### [Directions for this task]
Quote the entries word for word. Omit the pictures.

### [The input]
============

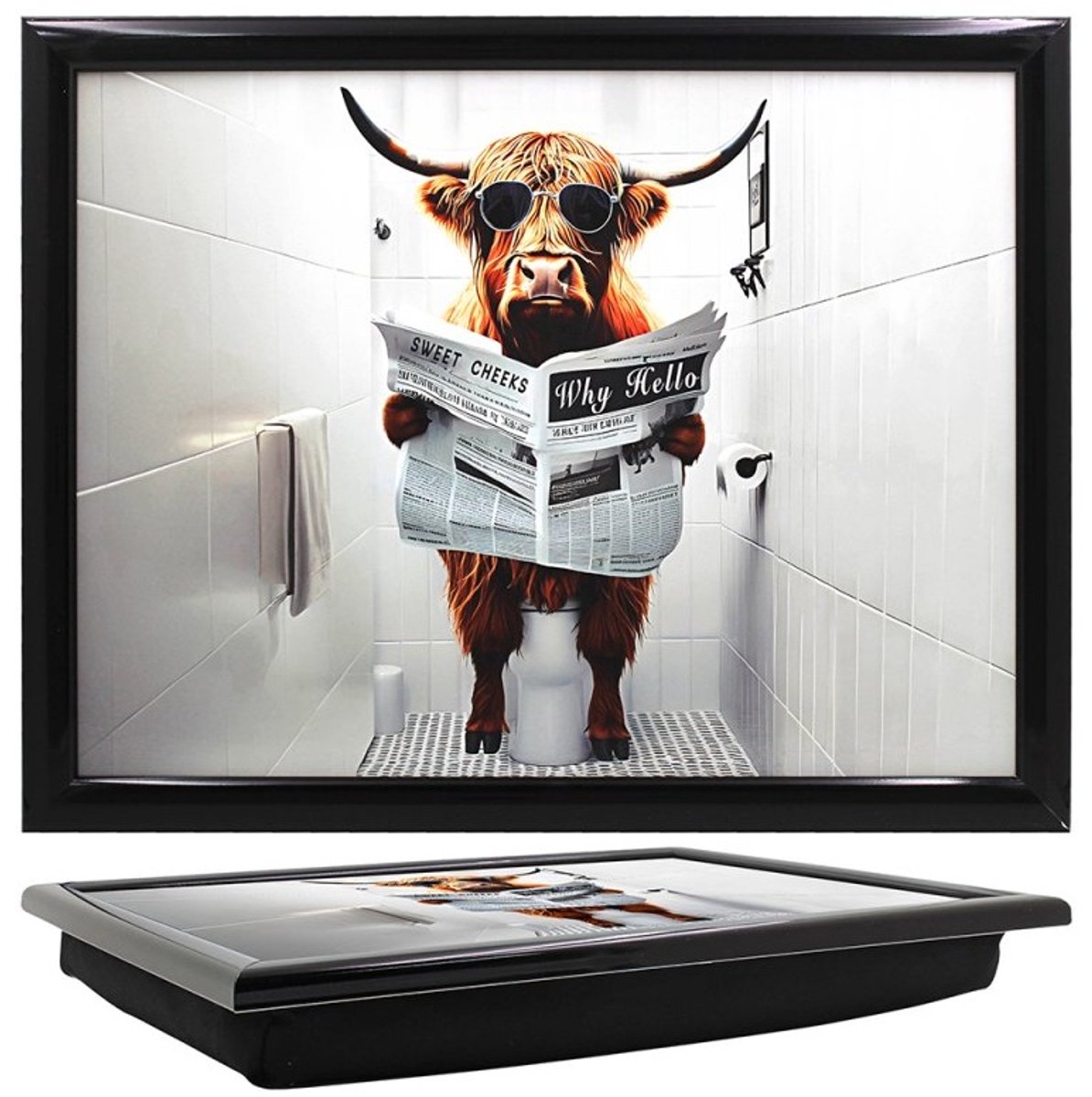 Cosy Creations- Laptray - Schoottafel - Schootkussen - Laptoptafel - Dienblad met kussen -Schotse Hooglander op de WC (44 x 34 x 6 cm)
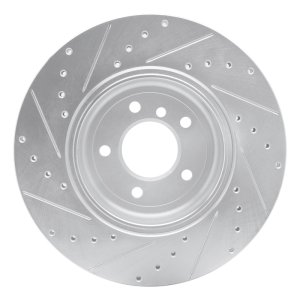 BMW 650I Brake Rotor (1) - Rear Right - R1 Concepts - Drilled & Slotted - Silver - `04-`10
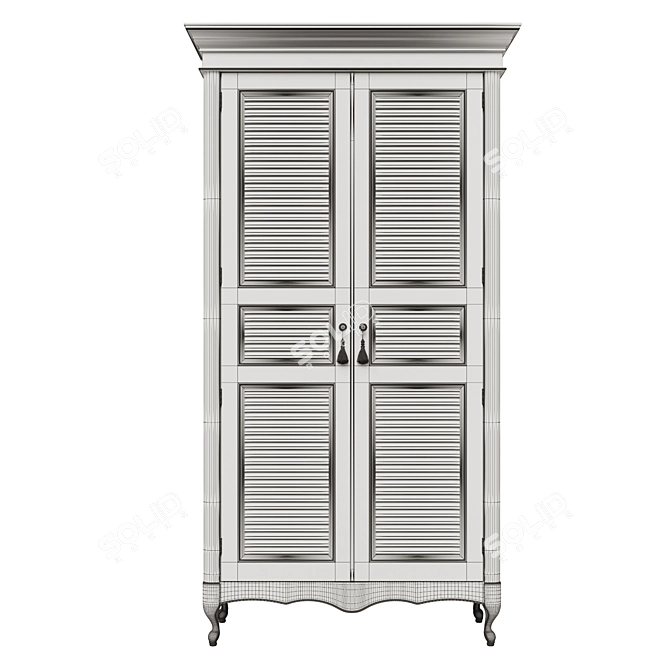 Elegant Wood Wardrobe 3D model image 5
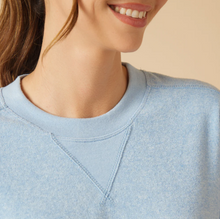 Load image into Gallery viewer, Heather Sky Blue Terry Cropped Sleeve Crew Neck with Wide Leg Plant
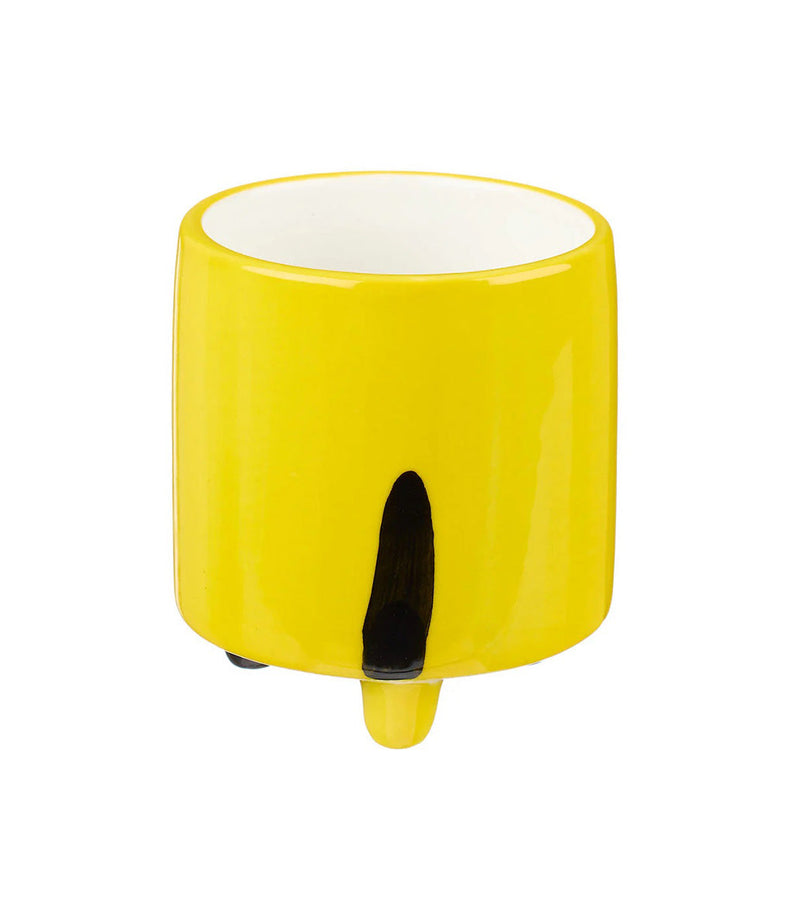 Plant Pot - CCPF-001 - Black Cat On Yellow Planter - Black Cat On Yellow Planter - Whistlefish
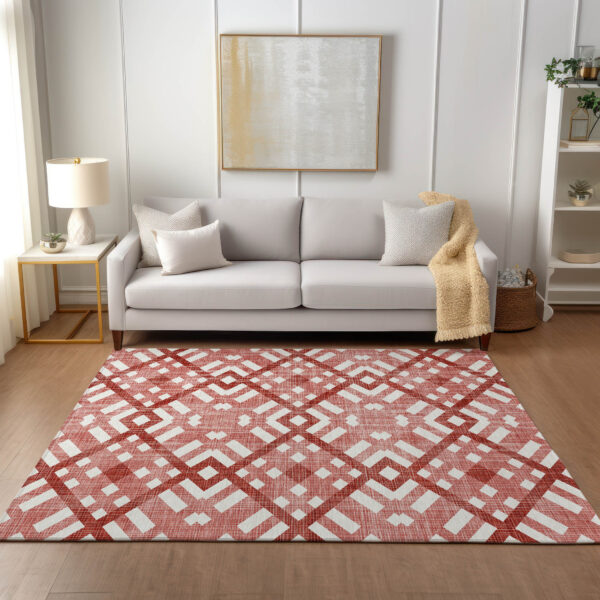 10' X 14' Red And Ivory Geometric Washable Indoor Outdoor Area Rug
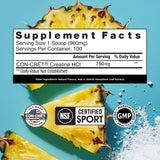 CON-CRET Creatine HCl 141g side view showing label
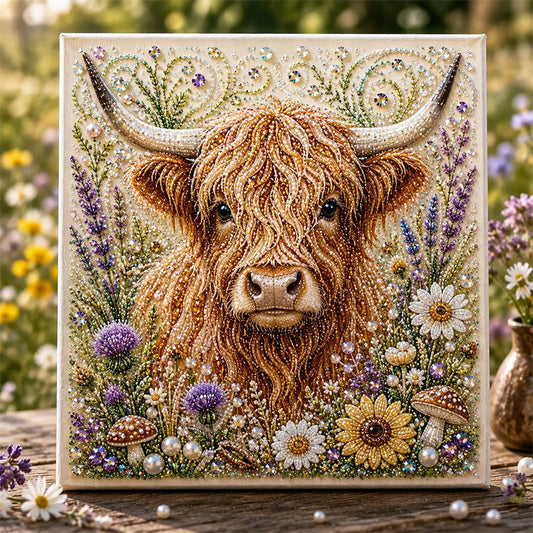 Highland Cow Pearl Art Kit – Sparkling 3D DIY Decor Set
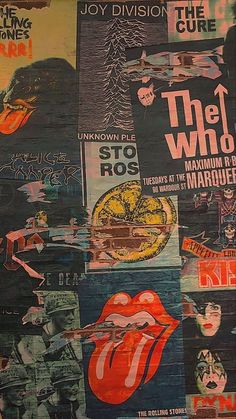 the rolling stones collaged together in an art work with various images and words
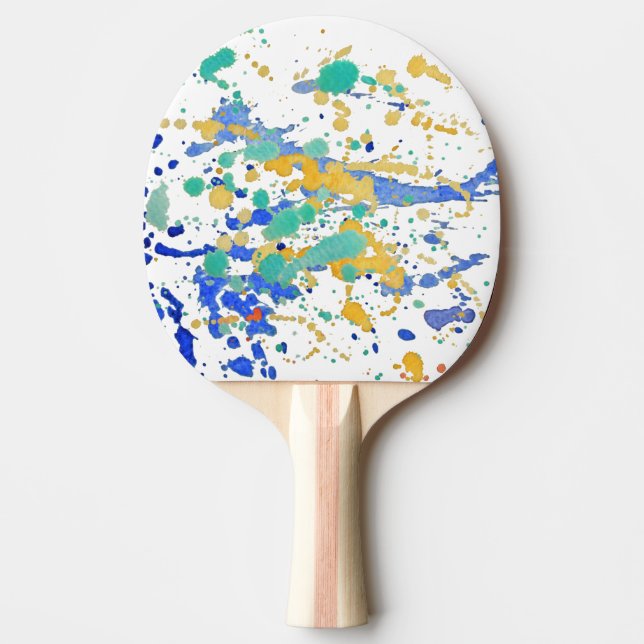 Raquette De Ping Pong Éclaboussures de peinture d'aquarelle (Devant)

============

### [The answer]
 Cosy Creations- Laptray - Schoottafel - Schootkussen - Laptoptafel - Dienblad met kussen -Schotse Hooglander op de WC (44 x 34 x 6 cm)
 BMW 650I Brake Rotor (1) - Rear Right - R1 Concepts - Drilled & Slotted - Silver - `04-`10
 Elegant Wood Wardrobe 3D model image 5
 Load image into Gallery viewer, Heather Sky Blue Terry Cropped Sleeve Crew Neck with Wide Leg Plant
 Plant Pot - CCPF-001 - Black Cat On Yellow Planter - Black Cat On Yellow Planter - Whistlefish
 10' X 14' Red And Ivory Geometric Washable Indoor Outdoor Area Rug
 CON-CRET Creatine HCl 141g side view showing label
 Highland Cow Pearl Art Kit – Sparkling 3D DIY Decor Set
 the rolling stones collaged together in an art work with various images and words
 Raquette De Ping Pong Éclaboussures de peinture d'aquarelle (Devant)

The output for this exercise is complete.